UNBURDENED BY ANY precise knowledge of the elephant, the medieval world was free to imagine rather strange things about the creature. In any case, the artists of the bestiaries of the period were more concerned with depicting the supposed character of the beast, which presumed traits of restrained strength, constancy, and levelheadedness. It took several more centuries before exposure to accurate accounts or direct experience of the animal began to influence the artistic imagination.

Here and there, live elephants showed up in Europe, mostly as diplomatic gifts. The caliph of Baghdad gave one to Charlemagne in 802. It created a sensation whenever the Frankish king brought it with him on his travels. In 1254, Louis IX, king of France, sent to Henry III, king of England, an African elephant, which he kept in his royal menagerie at the Tower of London and allowed to slurp wine. Matthew Paris, a Benedictine monk and historian, made a naively charming but well-observed pen-and-wash illustration of it. But even in the 1500s illustrations of elephants in books could be highly creative. Conrad Gesner’s Historia animalium, published in Zurich in the mid-sixteenth century, shows a pachyderm with puddling pylons for legs, a segmented trunk like a vacuum hose, and ears that unfolded like a lady’s fan.

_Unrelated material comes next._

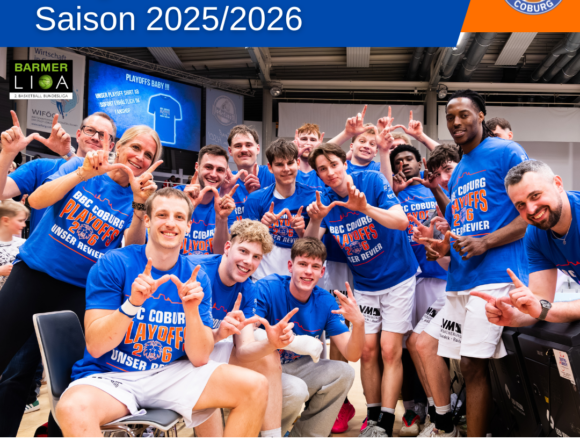 Playoffs Achtelfinale: TSV Neustadt temps Shooters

These notions about the elephant evolved in tandem with the development of science and changing European views toward the animal world. But something else was afoot. Attitudes toward the elephant were developing separately from how ivory was regarded; it was as if the animal product and its source species occupied different worlds.

In many ways they did. Ivory was being removed, transported, and reshaped far from its “original ecological context,” allowing the elephant to become conceptually distanced, even uncoupled, from its own teeth. Ivory’s increasing availability did not bring familiarity with the elephant along with it. As a rare material obtained from distant lands, ivory lacked the kind of immediate association with its origins that was made, say, between fine wood and forests. To Europeans the elephant was an exotic creature that inhabited faraway realms. Before it was ever seen, it was as fabled as a unicorn and just as unknown, and even after it made an appearance it still seemed a walking marvel. How ivory was obtained for trade remained mysterious and largely stayed that way, far into the future. By then the elephant would be clothed in a whole new set of meanings, valued in ways that in effect gave it a new identity. Eventually, when the connection between ivory and where it came from was made inescapable, this altered regard for the elephant would change everything about ivory—or perhaps just painfully sharpen the issue.

THE SECULAR USE of ivory in Europe proliferated after 1400. It was not only employed for the expected—inlays and panels in furniture, mirror backs and buttons, hilts and handles, knobs and nit combs—but, increasingly, incorporated into new forms of weaponry and musical and scientific instruments. Given ivory’s long history of use in the decoration of spears, bows, knives, and swords, it would inevitably be worked into newer weaponry, such as the lavishly produced matchlocks and similar newly invented firearms for rulers such as the emperor Charles V (1500–58), who doted on them. Years of collaborative effort on the part of metalsmiths, engravers, and carvers might be needed to join ivory, rare woods, steel, and gold to make the sets of pistols and bird guns used by monarchs of the day, who had a taste for eye-catching scrollwork and nymph-laden inlays of hunting scenes drawn from classical mythology.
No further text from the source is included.